In the current series of experiments, we aimed to analyze the emergence of the consonant bias in reading. In particular, we examined the relative contribution of consonants and vowels at early stages of word recognition by conducting a series of experiments – using the procedure employed by New et al. [8] – with beginning (2nd Graders) and intermediate (4th Graders) European Portuguese (EP) developing readers. As a further control, we also conducted the parallel experiment with EP skilled adult readers (university students) - see [45][50] for a similar strategy. As in the New et al.'s experiment [8], we employed a masked priming paradigm and a highly common visual-word identification task (i.e., lexical decision). Di- and tri-syllabic target words (e.g., VASO [VASE] and PIRATA [PIRATE], respectively) selected from the children's lexical Portuguese database ESCOLEX (51) were preceded by a forwardly masked nonword prime (for 50 ms) which could be a consonant-preserving prime (e.g., vesu-VASO or pureto-PIRATA) or a vowel-preserving prime (e.g., zalo-VASO or gicala-PIRATA). We also included an identity priming condition (e.g., vaso-VASO or pirata-PIRATA) and an unrelated priming condition (e.g., tuce-VASO or bocelo-PIRATA) as further controls. As in the New et al. experiment, consonant and vowel position in words was controlled by using two distinct orthographic and phonological structures as defined by consonant (Cs) and vowel (Vs) order within the word in each syllable length. Thus, half of the target words started with a consonant (CVCV - e.g., VASO [VASE]; and CVCVCV words - e.g., PIRATA [PIRATE]) - hereafter CV words, and the other half started with a vowel (VCVC – e.g., AZUL [BLUE]; and VCVCVC words - e.g., ANIMAL [ANIMAL]) - hereafter VC words.
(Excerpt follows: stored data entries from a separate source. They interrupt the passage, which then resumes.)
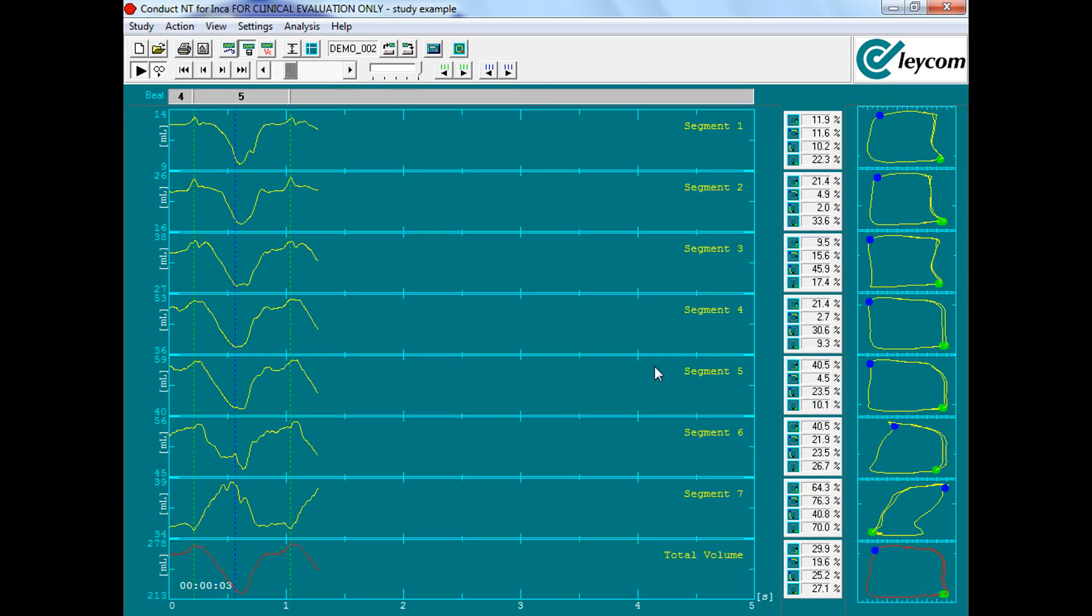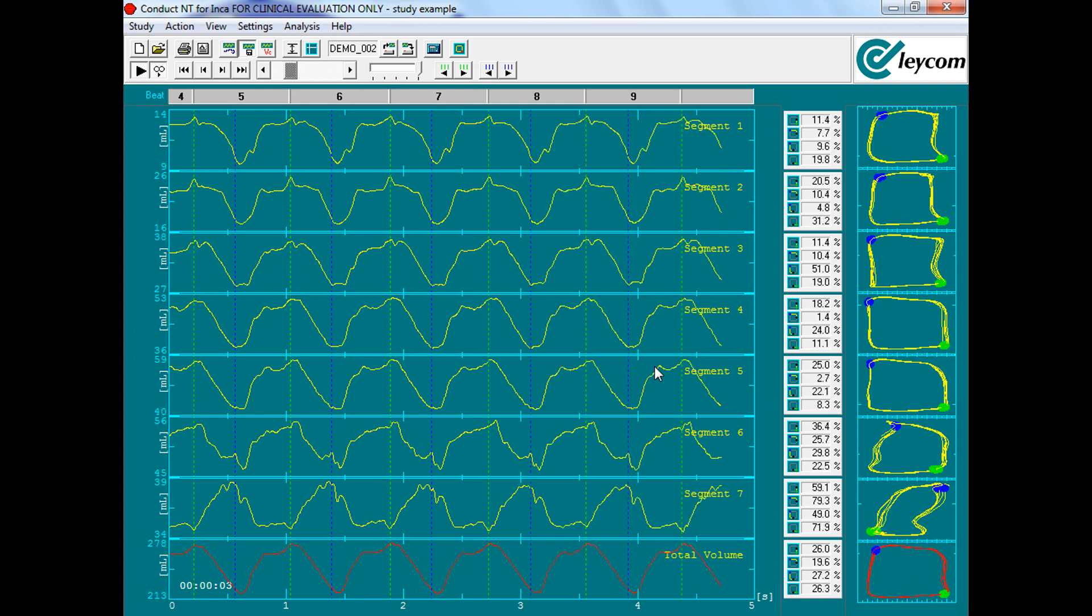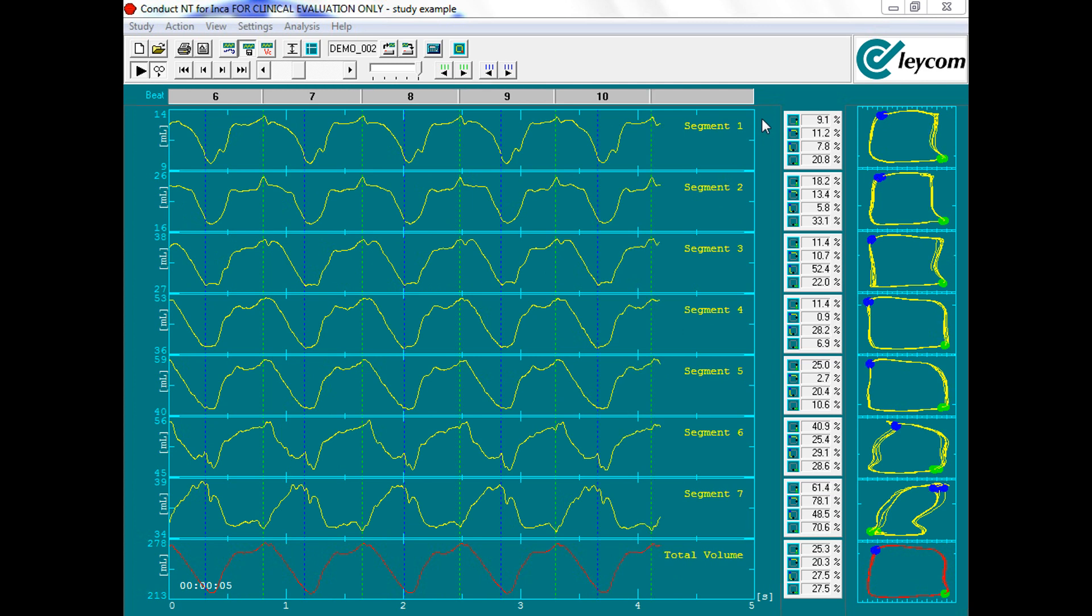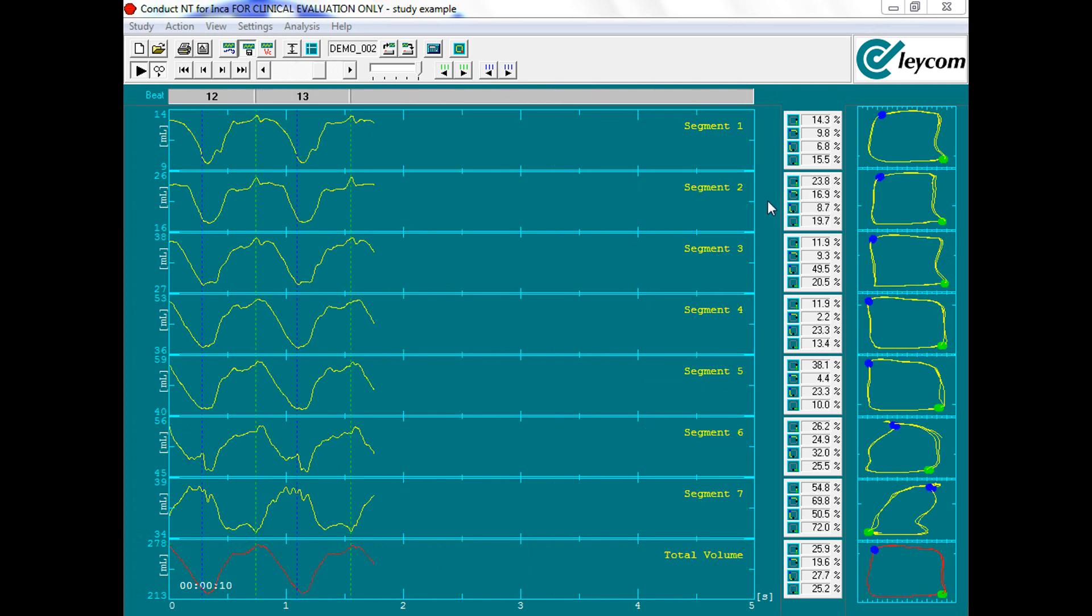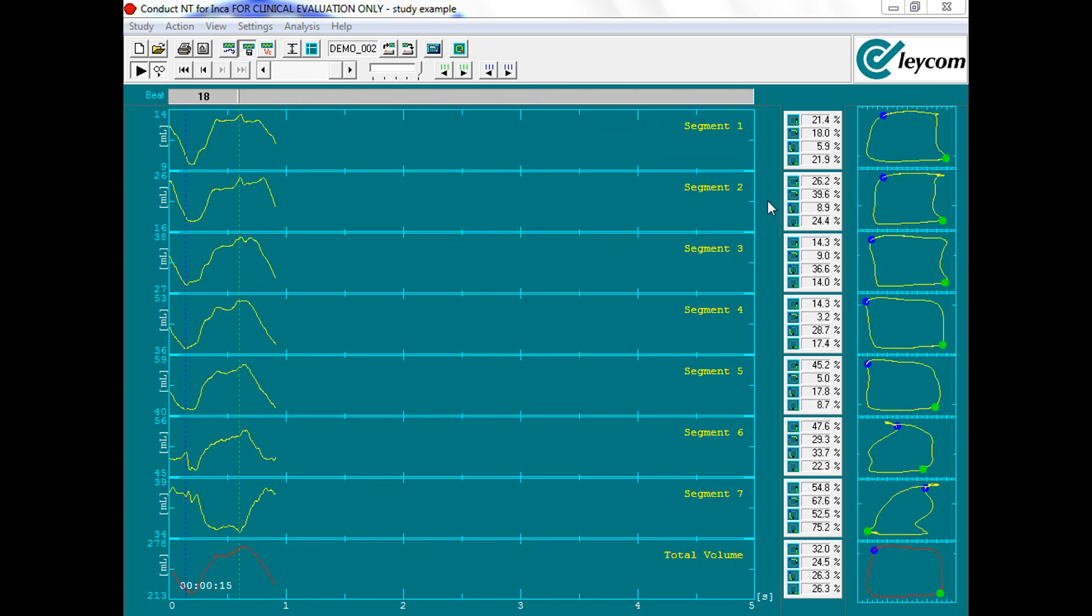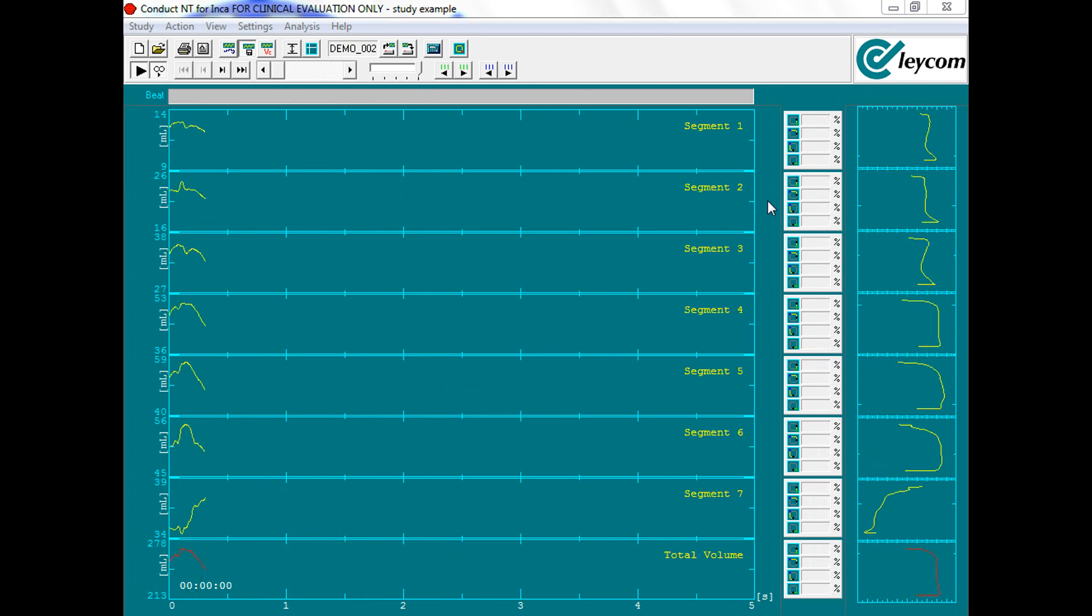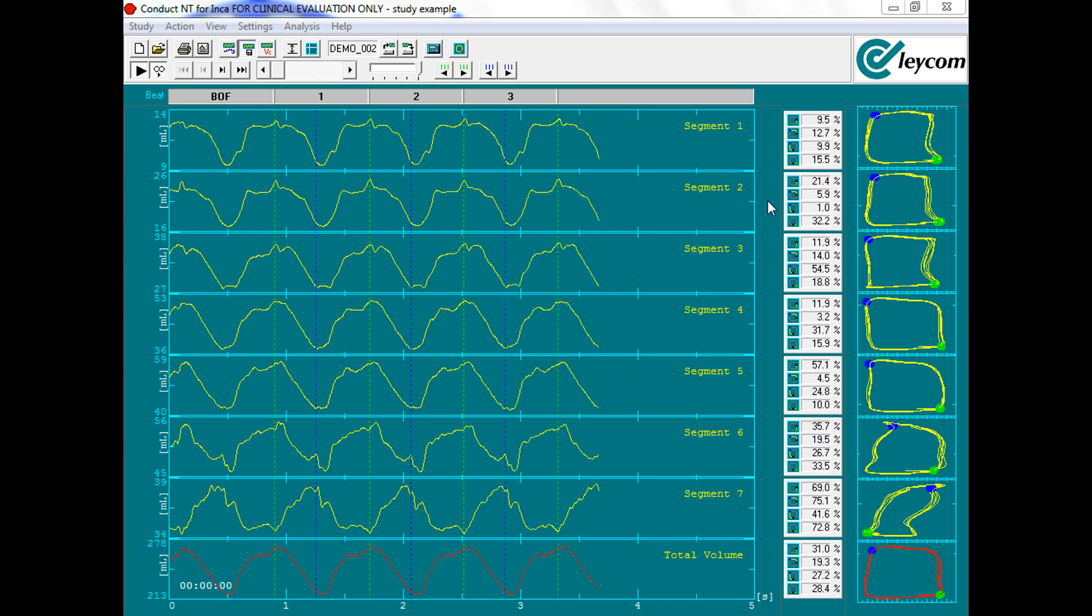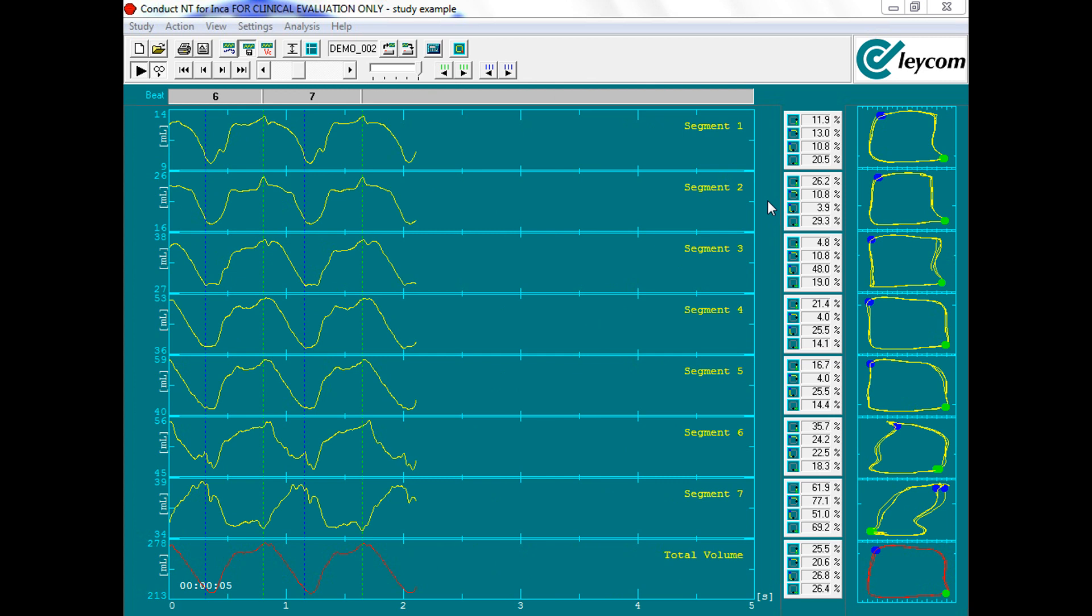If the segmental loops towards the distal end of the catheter, specifically segments 1 through 3, are not moving in a counterclockwise motion or have a rectangular shape, then it's recommended that the operator reposition the PV catheter by either: a) pulling back on the PV loop catheter and re-delivering to the apex, or b) providing a quarter of a turn and using the pigtail to center the catheter shaft.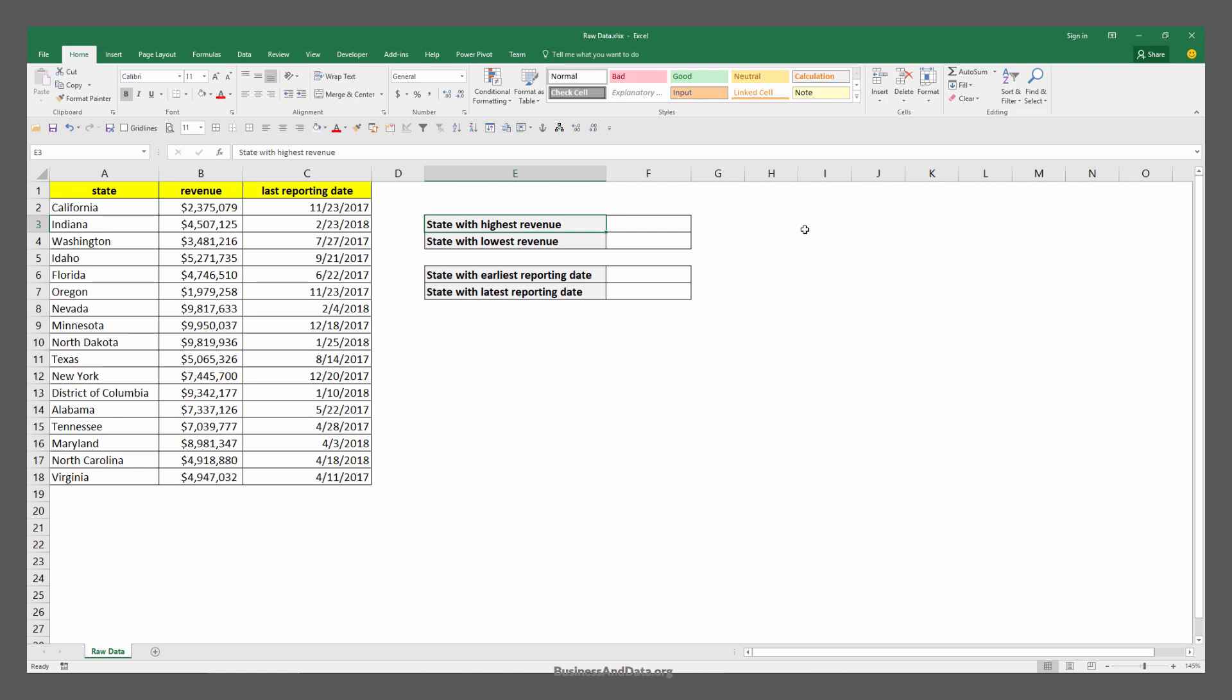This is pretty useful when you want to figure out which items are associated with a particular attribute. For example, for question number one I'm trying to figure out which state has the highest revenue generated.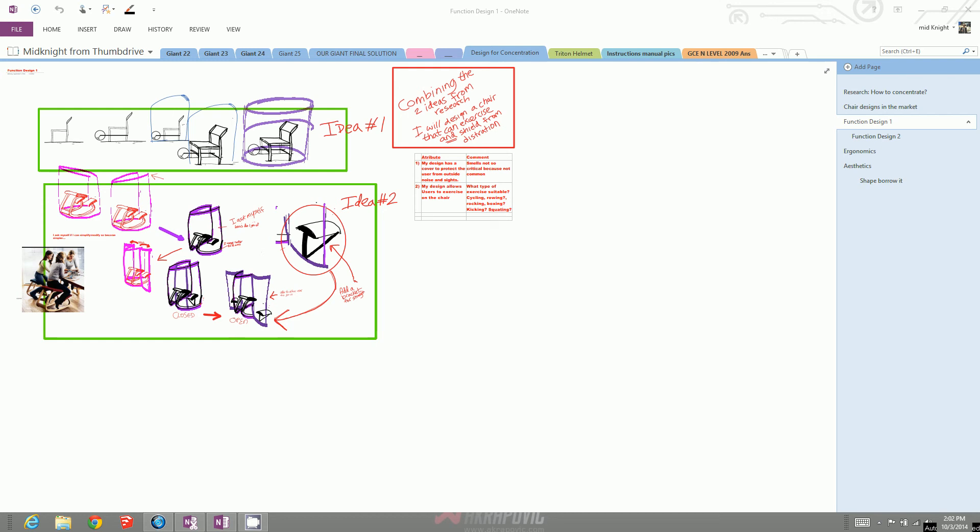what you can do is go to your history. This is an example OneNote page. Just go to history and click on history.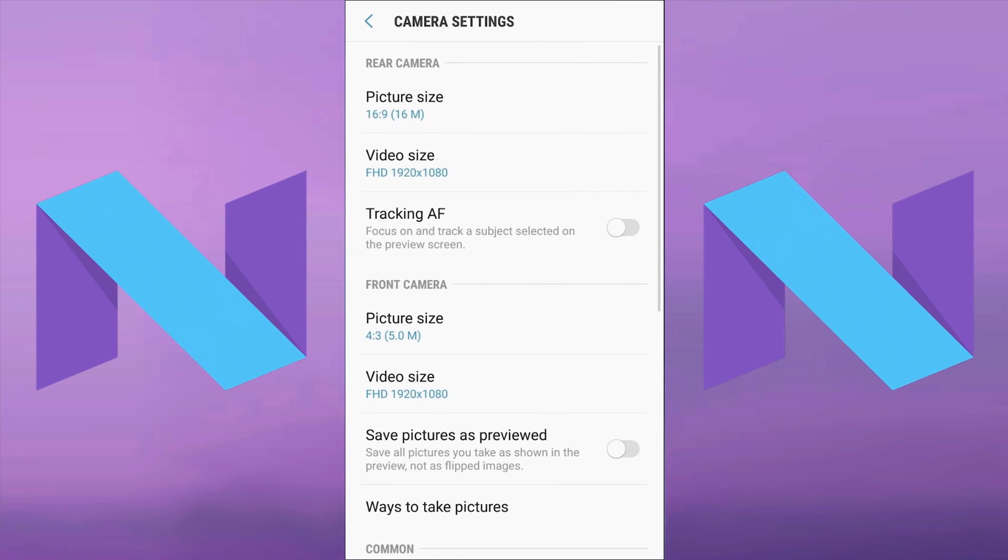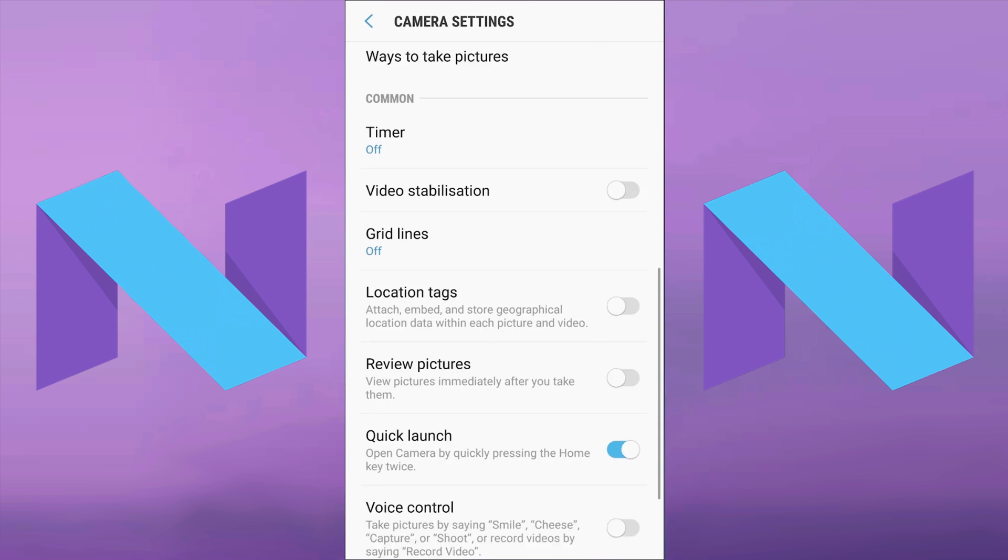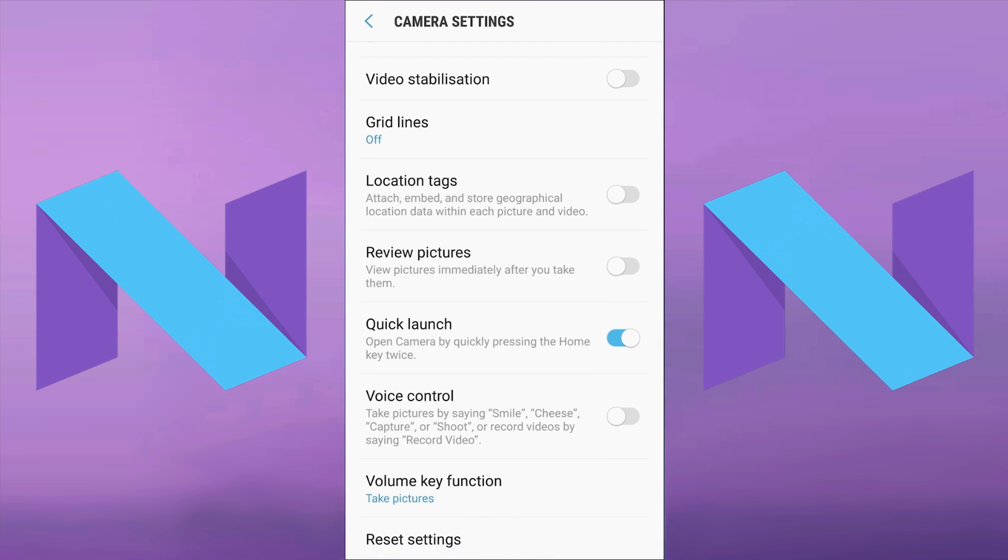Then you need to scroll down to the bottom of the settings until you see a setting called Quick Launch. If Quick Launch is blue, that means the camera app will open when you double press the home button. If Quick Launch is grey, then the camera app will not open when you double tap the home button.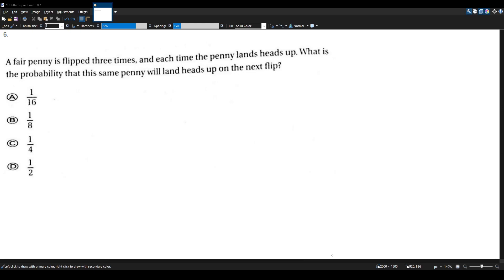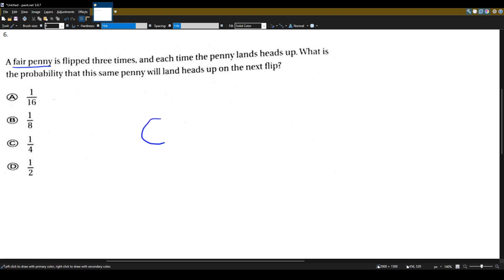This is kind of a trick question, and the key here is the term fair penny. A fair penny is just a regular penny like in the real world, where one side is heads and the other side is tails.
We should note here that the consonant bias in the New et al. study (8) was observed both for CV (e.g., DIVA) and VC target words (e.g., OPUS). The only relevant difference with respect to the New et al. experiment was that here we employed the go/no-go variant of the lexical decision task (i.e., respond to words and refrain from responding to nonwords) rather than the yes/no variant. The go/no-go procedure was preferred because it provides faster and more accurate responses in young readers than the yes/no procedure, while tapping the same underlying processes [52], [53] - see also [54], for a mathematical model of the go/no-go task.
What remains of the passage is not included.